Немытая, расстрепанная, кое-как одетая, ушла Варька, переступив через шелковый радужный платок, распластавшийся на полу землянки.

Шла по Собачеевке, глядя в землю, сгорбившаяся, маленькая. Шла через Ямской рынок, мимо инженерских кварталов, вдоль высокой ограды завода, шагала пустырями, свалками, потерявшая глаза и слух. Шла, куда несли ноги.

Блуждала целый день. К вечеру очутилась перед кабаком Аганесова. Стояла на нижней ступеньке, раздумывала, идти или не идти дальше. Тут и нашел ее Егор Месяц. Тихо приблизился, робко тронул ее холодную руку:

- Варь…

Она круто обернулась, губы ее испуганно задрожали.

- Уйди.

И побежала на крылечко, хлопнула дверью кабака.

…В ту же ночь Собачеевка проснулась от церковного набата, от тревожных гудков на шахте, от высокого, до самого неба, пожарного пламени.

Горел кабак, горела ночлежка, горели конюшни, дровяные склады, горело все обширное подворье Аганесова. К месту пожара неслись, гремя колесами по сухой дороге, красные бочки, запряженные лошадьми-зверюками. Скакали казаки. Дым и огонь лизали низкие тучи, освещали полночную землю.
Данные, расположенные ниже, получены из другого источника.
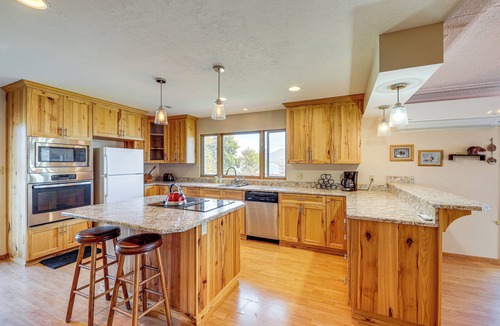 Jette House | Hot Tub, Views & Private Dock: Polson Haven!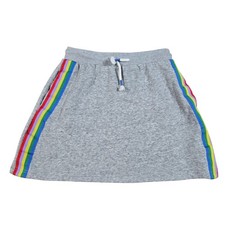 Mini Boden Girls Rainbow Stripe Heather Gray Sweat Skirt - Size 13/14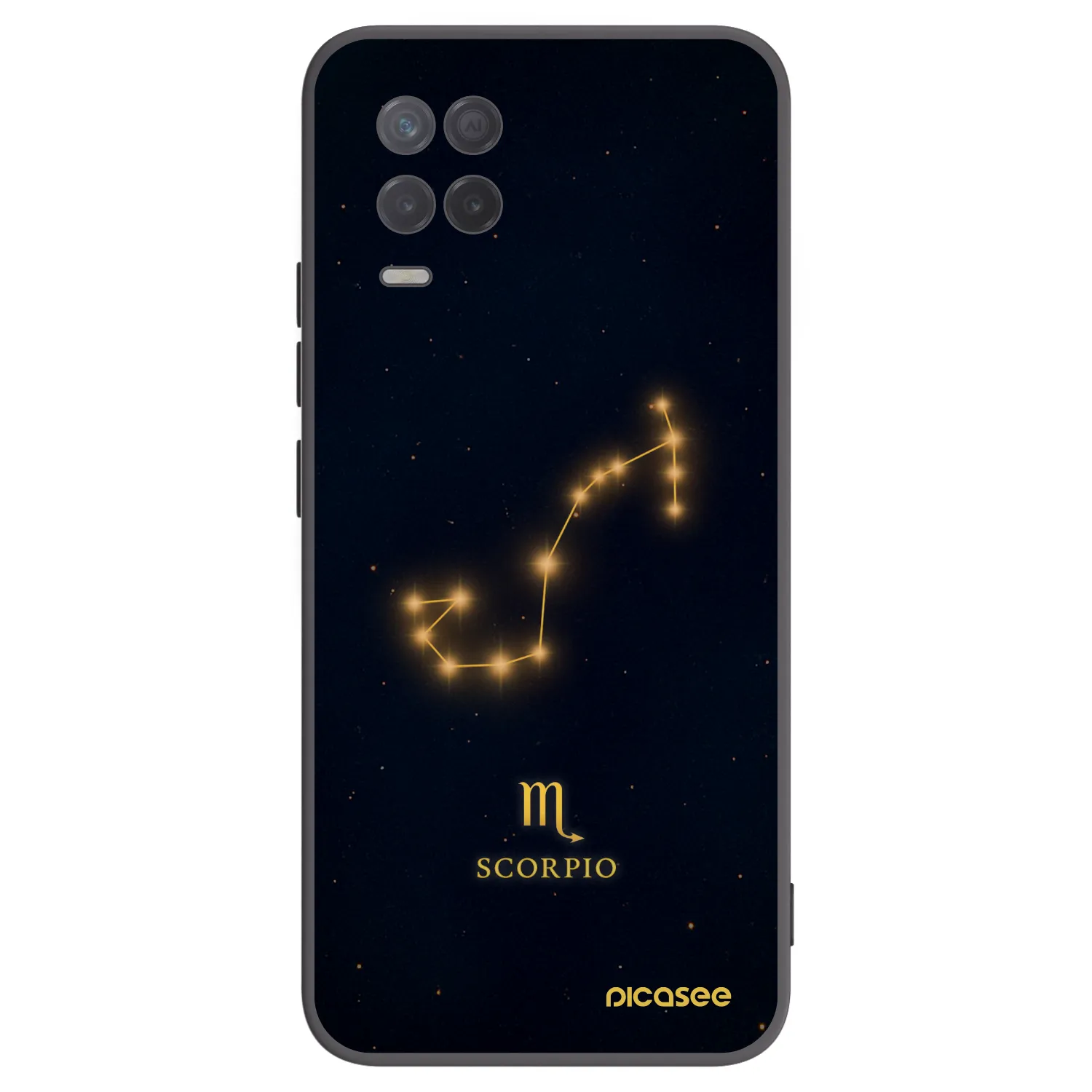Picasee fekete szilikon tok az alábbi mobiltelefonokra Realme 8 5G - SCORPIO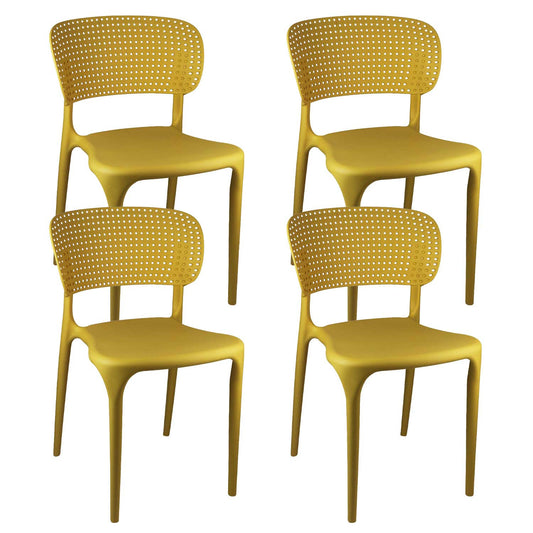 Pack 4 Sillas De Exterior Apilables Marilyn 75x47x49,5cm Thinia Home_0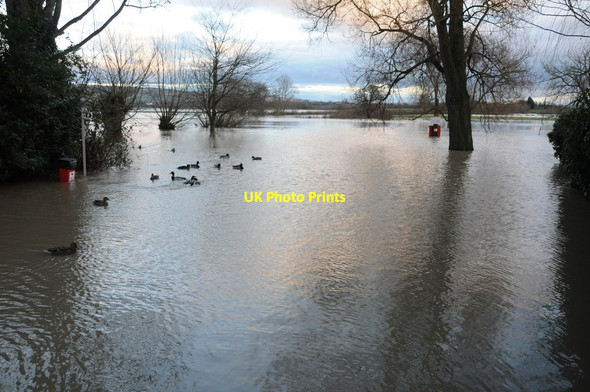 Photo 6"x4" Flooding at Twyning Fleet Twyning Green c2012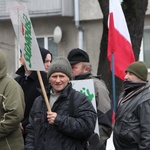 Protest rolników w Nowym Sączu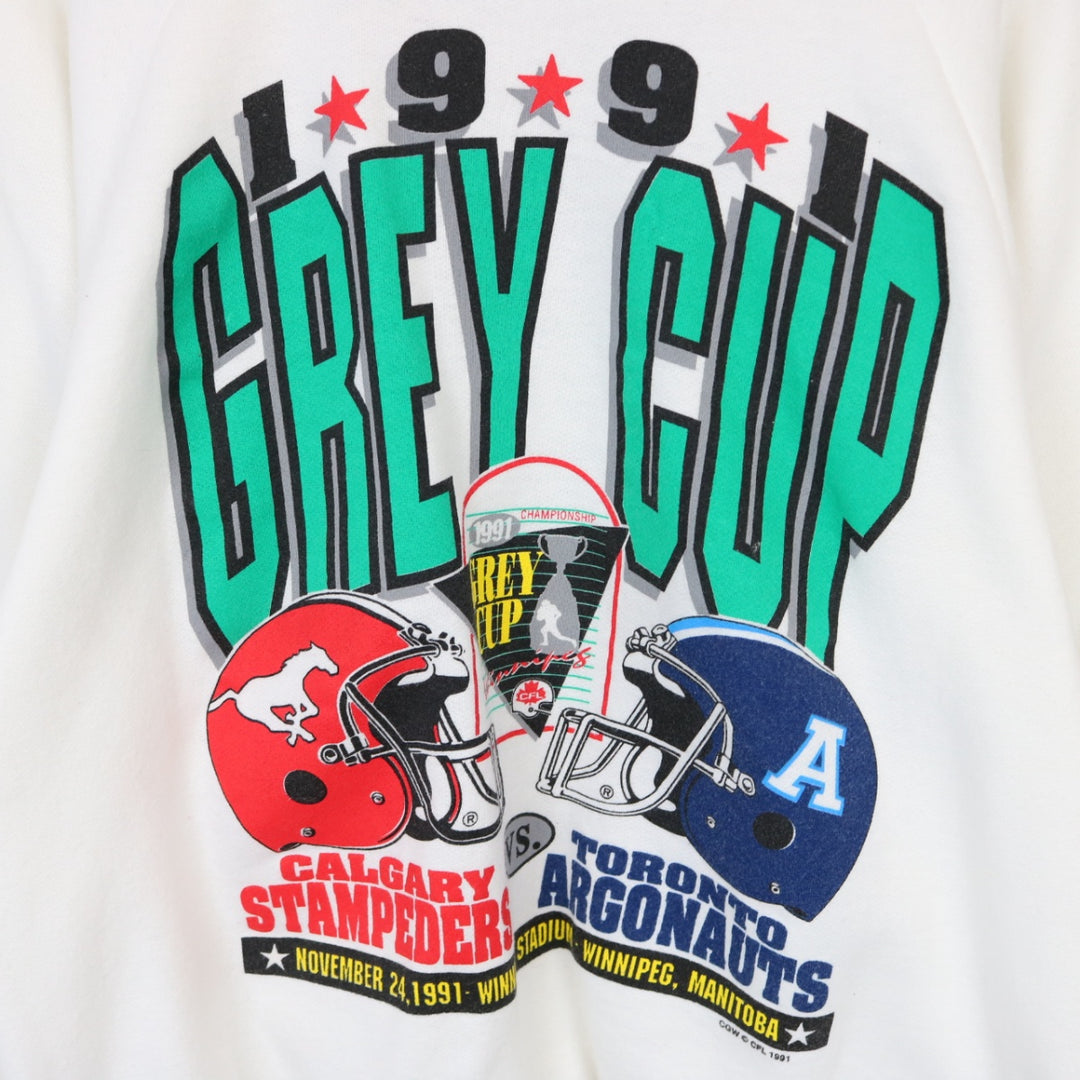 Vintage 1991 Grey Cup Championship Crewneck - M-NEWLIFE Clothing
Егор Месяц, в праздничной желтой рубахе, подпоясанный кожаным, с медными бляшками ремнем, сдвинув картуз на кудрявый затылок, стоял раскорякой на крутом обрыве Гнилых Оврагов, спиной к пожару и, пьяно шатаясь, голосисто кричал:

- Смотри, честной народ, смотри!.. Вот оно, дышит, припекает! Трещит на всю вселенную. Ай, хорошо, ай, здорово! А кто это сделал, кто? Бог наказал супостата? Нет, куда ему, руки коротки. Я это сделал, я!

Люди стояли у своих землянок и во все глаза смотрели на Егора: кто жалел коногона, кто боялся его удали, кто одобрял мстителя.

- Ты б помолчал, дурачина, - посоветовал ему Гарбуз.

- Не хочу молчать. Буду говорить.

- Схватят тебя, дурачина, закуют, в Сибирь погонят.